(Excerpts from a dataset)

※ ※ ※

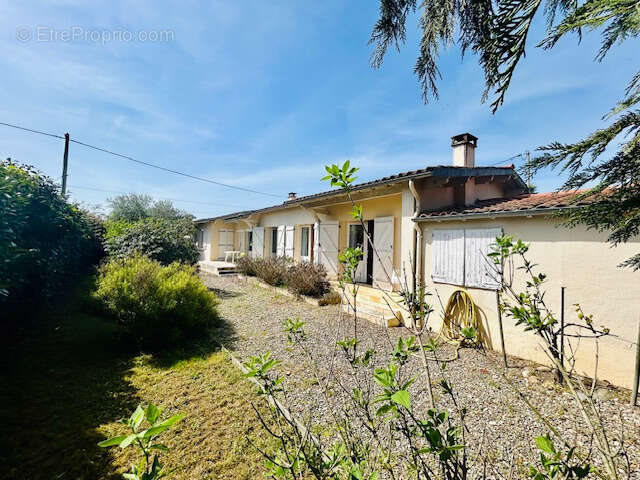 Maison à VIC-EN-BIGORRE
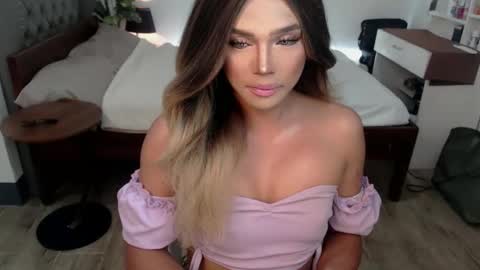 jesie_hot69 online show from April 26, 11:19 am
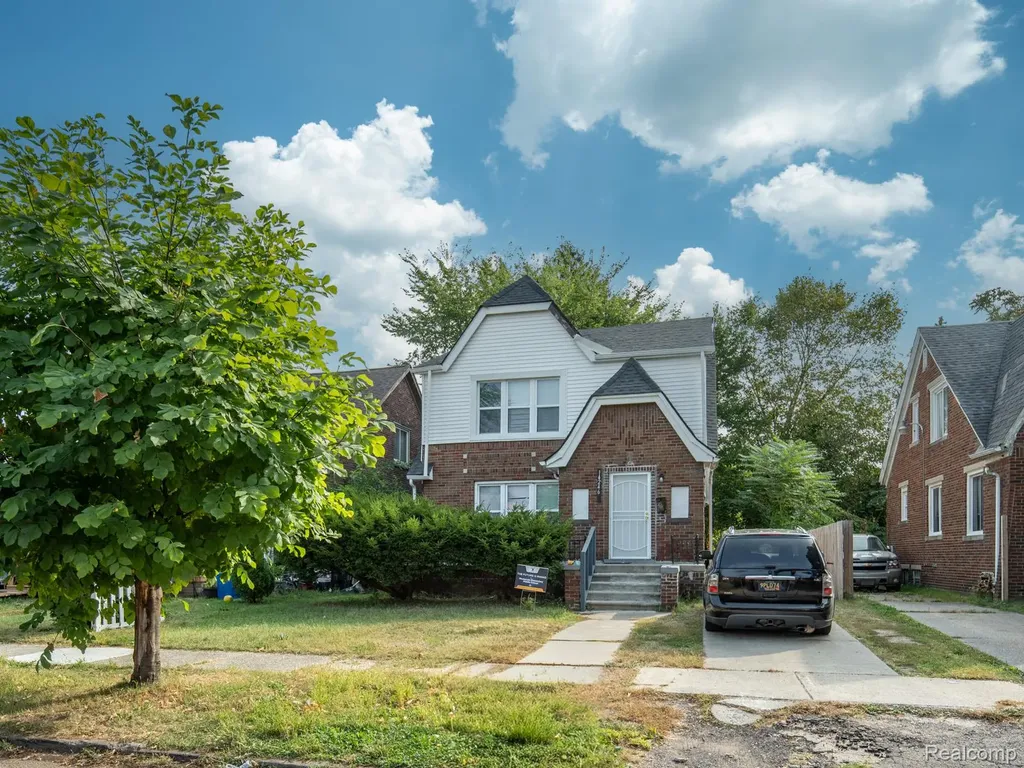 326 Eastlawn Street Detroit City MI 48215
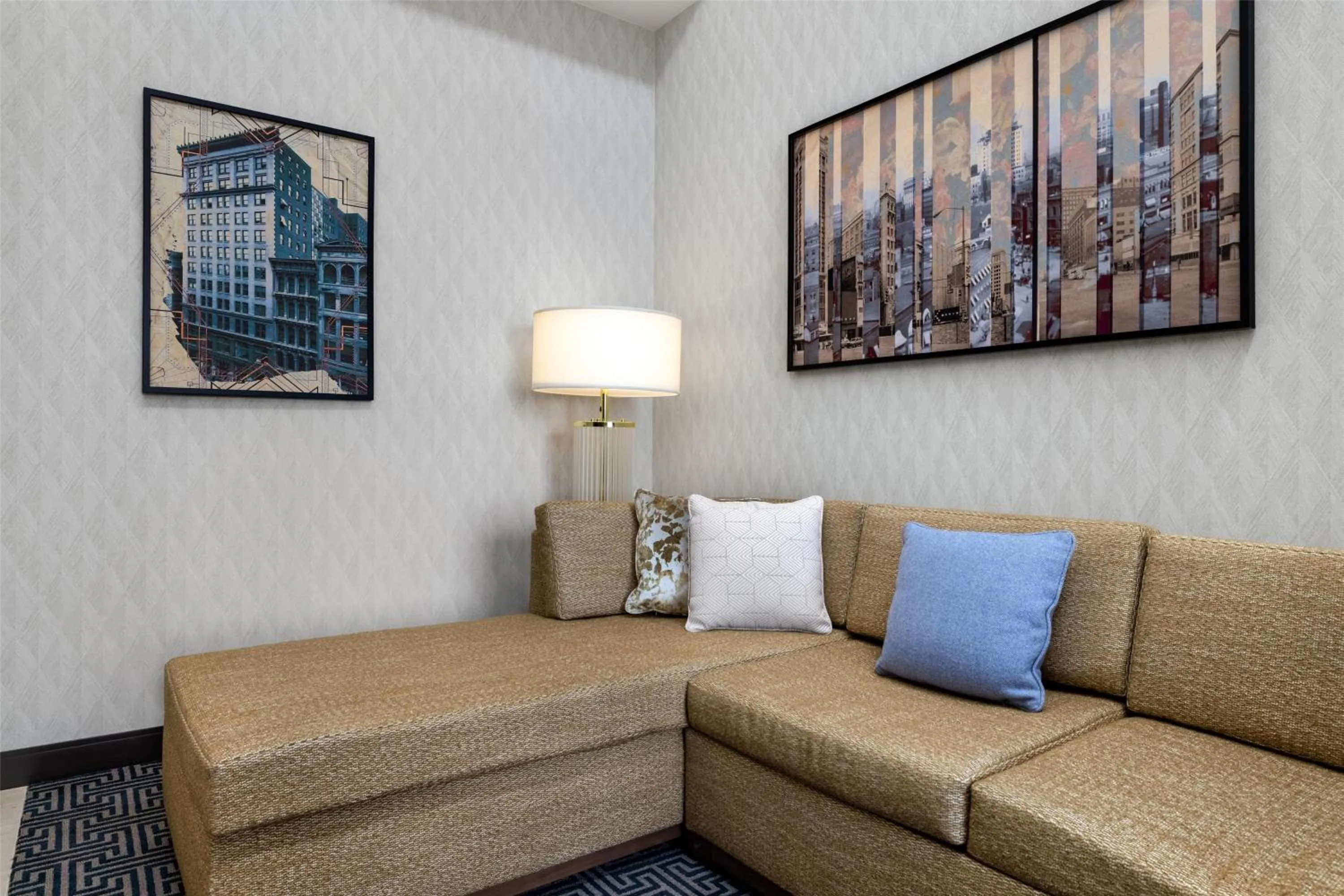 Living room in Hilton Garden Inn Indianapolis Downtown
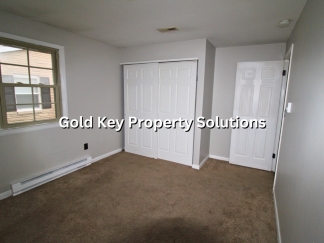 Spacious 4 BR 1 BA House with Central Air and Family/Bonus Room (SECTION 8 APPROVED)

※ ※ ※

Set down, exactly as written, each line from the one that contains "jesie_hot69 online show" to the last line of the records, but none of the pictures.

 jesie_hot69 online show from April 26, 11:19 am
 326 Eastlawn Street Detroit City MI 48215
 Living room in Hilton Garden Inn Indianapolis Downtown
 Spacious 4 BR 1 BA House with Central Air and Family/Bonus Room (SECTION 8 APPROVED)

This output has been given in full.